Une citation de :Lyne Daigle, co-responsable du projet de la forêt Chelsea

La transaction permettra de préserver la vocation du terrain, a indiqué Mme Daigle, en précisant que l’organisme Action Chelsea pour le respect de l’environnement (ACRE) gérera la forêt. Il s’agit d’une organisation qui œuvre à la défense de l’intégrité écologique de Chelsea.

Ils ont le mandat d’en faire une aire protégée ou une zone de conservation à perpétuité, a affirmé Mme Daigle en spécifiant qu’ACRE agit aussi à titre de fiducie foncière.

Une forêt enneigée vue du ciel.

La transaction permettra de préserver la vocation du terrain, selon Lyne Daigle, co-responsable du projet de la forêt Chelsea.

Photo : Courtoisie / Sam Smith

Ça nous assure que le terrain va être conservé pour plusieurs générations, a-t-elle insisté.

Le regroupement de résidents de Chelsea a aussi bénéficié d’un don de 20 000$ fait par leur municipalité. L’argent, qui provient d’un programme de fonds vert, doit servir à couvrir les droits de cession immobilière, selon les précisions de Mme Daigle.

L’accord pour faire d’ACRE le gestionnaire du terrain doit se faire au cours du mois de mars.

Dans une précédente version de ce texte, nous indiquions que le groupe ACRE deviendra le propriétaire du terrain. En fait, ce sont les résidents qui seront propriétaires. Ces derniers ont mis leur argent en fiducie, et ACRE gérera leur argent et la forêt.

Une avenue à considérer à Gatineau?

La conseillère municipale du district d’Aylmer, Audrey Bureau, applaudit cette initiative citoyenne.
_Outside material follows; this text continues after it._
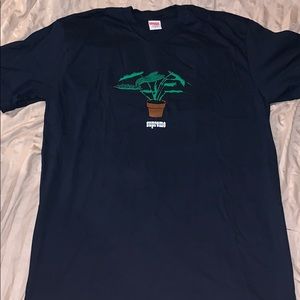 Supreme Plant Tee🔴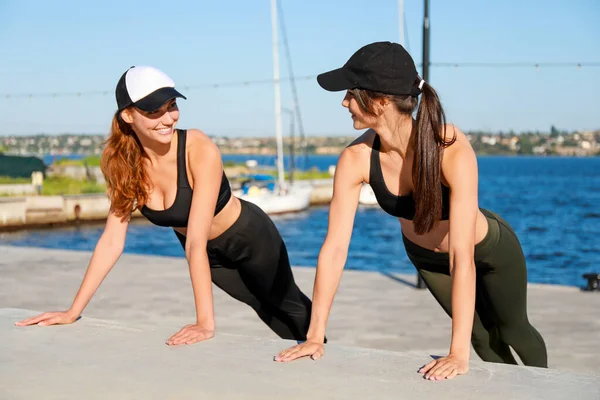 Sporty Young Women Doing Plank Outdoors — Stock Photo, Image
Ça a été largement compris le message que la protection du couvert forestier et des espaces naturels, c’est une priorité pour l’ensemble des citoyens. D’ailleurs, c’est pour ça que la Ville de Gatineau a annoncé récemment qu’elle s’engageait dans une vaste réforme de son cadre réglementaire pour la protection des forêts sur son territoire.

Elle, qui a défendu une meilleure protection du couvert forestier à Gatineau, croit que l'exemple de Chelsea est une avenue à considérer.

Il y a des enjeux monétaires qui sont importants à Gatineau quand on parle de la forêt Deschênes ou de la forêt Boucher. C’est des enjeux de plusieurs millions de dollars, donc le cadre financier est important. Mais que les citoyens soient mis à contribution s’ils le veulent, je pense que c’est une avenue intéressante qui devrait être considérée, dit-elle, alors que des consultations publiques doivent être lancées par la Ville sur le cadre réglementaire pour le couvert forestier et la protection des arbres.